Well Dave dragged me out onto the slopes last season and it was a blast. I was riding straight rental equipment with my Keen snowshoe boots. So needless to say I was a bit lacking in fun factor. But what it did do was reinstall my love of snowboarding. 

I started back in 93-94 and my first board was a kemper. I cant remember the model but it was a long noser with minimal tail and high back plastic bindings! It was cool I rode it for two seasons before getting a Rossignol 148 something or other in like 96-97. It was a twin that was way to stiff and some low back bindings.

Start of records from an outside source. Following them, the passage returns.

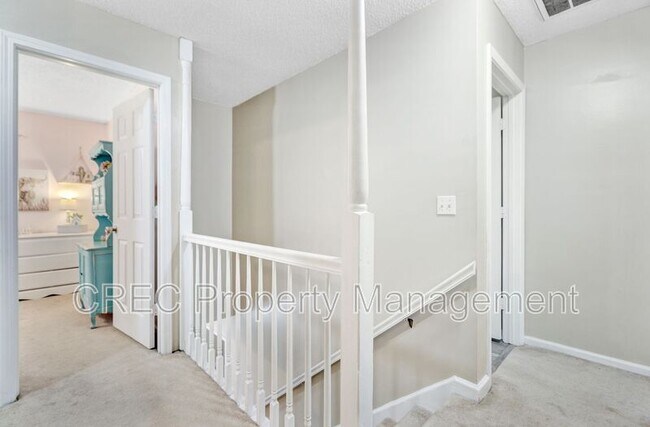 Building Photo - 109 Fort St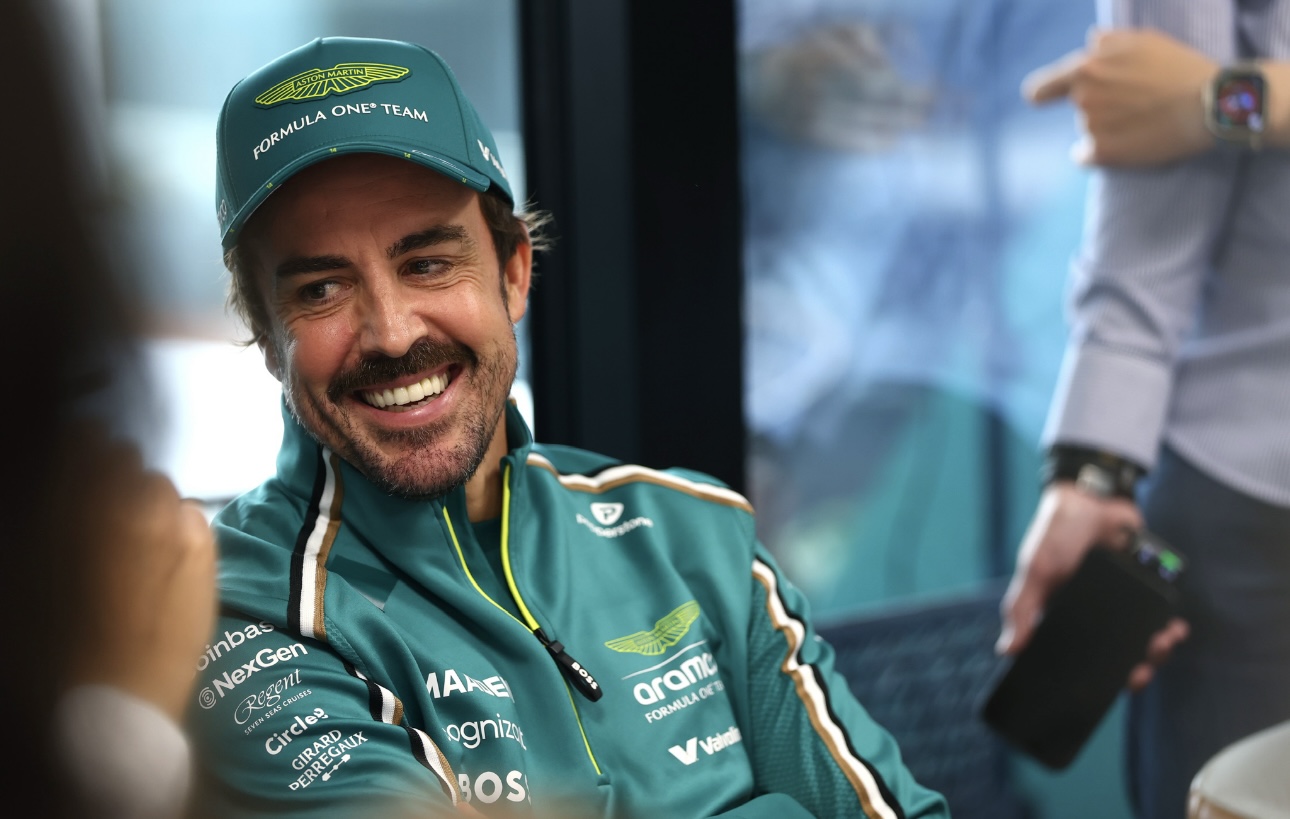 Fernando Alonso smiling ahead of the F1 Dutch GP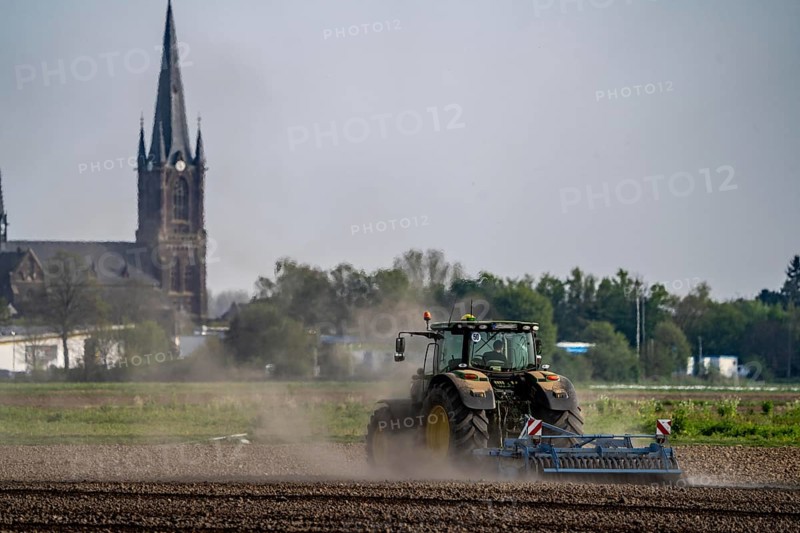 A tractor works a field, due to long dryness in spring, no rain for more than 4 weeks, the fields are dusty, near Kerken, Lower Rhine, North Rhine-Westphalia, Germany, Europe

Either way; I am looking forward to this season. I live only minutes away from Alpine and hope to get out there at least once a week. I am completely torn on what board/bindings/boots to buy so I am sure you will see a lot of posts about it in the near future.


----------



## david_z (Dec 14, 2009)

gls:maverick said:


> Either way; I am looking forward to this season. I live only minutes away from Alpine and hope to get out there at least once a week. I am completely torn on what board/bindings/boots to buy so I am sure you will see a lot of posts about it in the near future.


Shouldn't you be working right now? Anyways welcome aboard bro. There are a lot of knowledgeable people here so post away with your board/boot/binding questions in the forums and they'll hook you up. Also there is a thread for buy/sell used equipment on here which I've used. Check it out for some good deals.


----------